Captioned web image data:

-------------------------

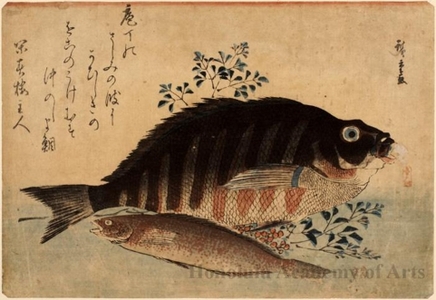 Utagawa Hiroshige: Striped Snapper, Rock Trout & Nandin - Honolulu Museum of Art
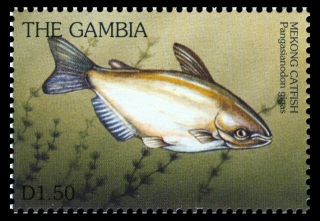 Pangasianodon gigas Pangasianodon gigas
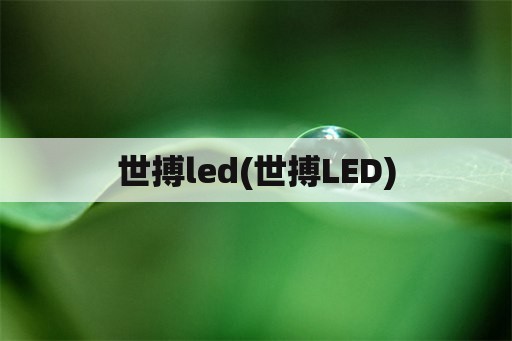 世搏led(世搏LED)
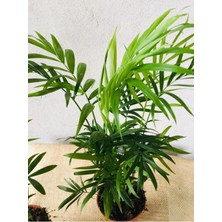 Dağ Palmiyesi, Chamaedore Elegans 25-30 Cm. Toprak Delikli Saksılı Olarak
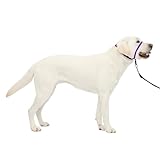 PetSafe Gentle Leader Headcollar No-Pull Dog Collar - Helps Improve Walks - Durable Nylon Construction - Padded Nose Loop - Adjustable Fit - Comfort Walking Halter - Large, Deep Purple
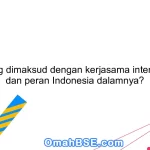 Apa yang dimaksud dengan kerjasama internasional dan peran Indonesia dalamnya?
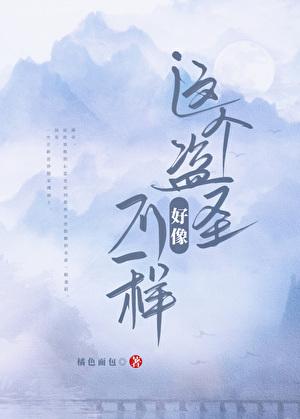 这个盗圣好像不一样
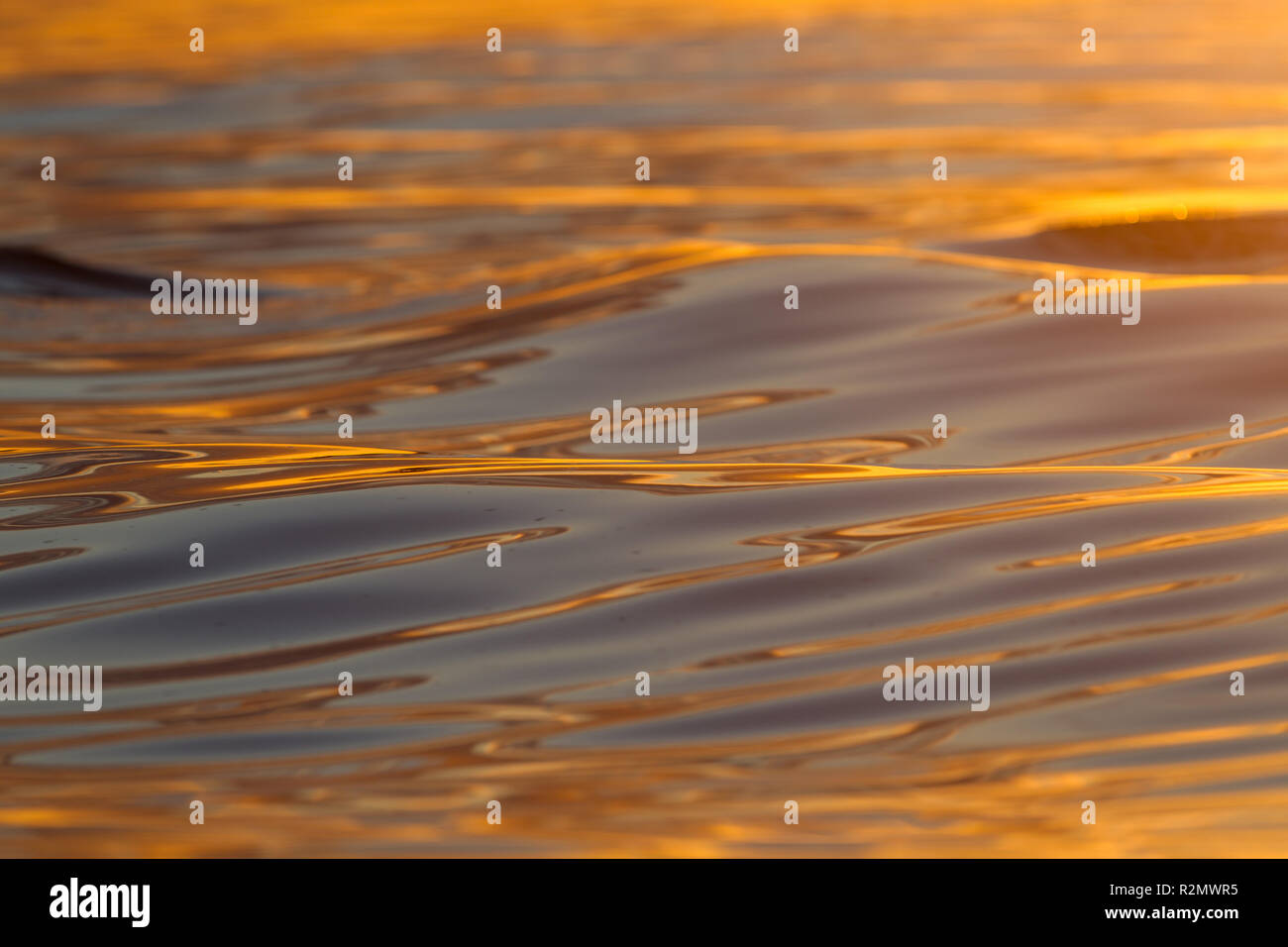 Mare, Gentle Waves in the Golden luce della sera Foto Stock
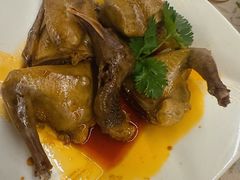 -百利鸽王(紫薇路店)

-------------------------

Please restate the lines above exactly, starting at the first line of the data and stopping at the line containing "PetSafe Gentle Leader", which is included. Omit pictures.

 Utagawa Hiroshige: Striped Snapper, Rock Trout & Nandin - Honolulu Museum of Art
 Pangasianodon gigas Pangasianodon gigas
 世搏led(世搏LED)
 Dağ Palmiyesi, Chamaedore Elegans 25-30 Cm. Toprak Delikli Saksılı Olarak
 PetSafe Gentle Leader Headcollar No-Pull Dog Collar - Helps Improve Walks - Durable Nylon Construction - Padded Nose Loop - Adjustable Fit - Comfort Walking Halter - Large, Deep Purple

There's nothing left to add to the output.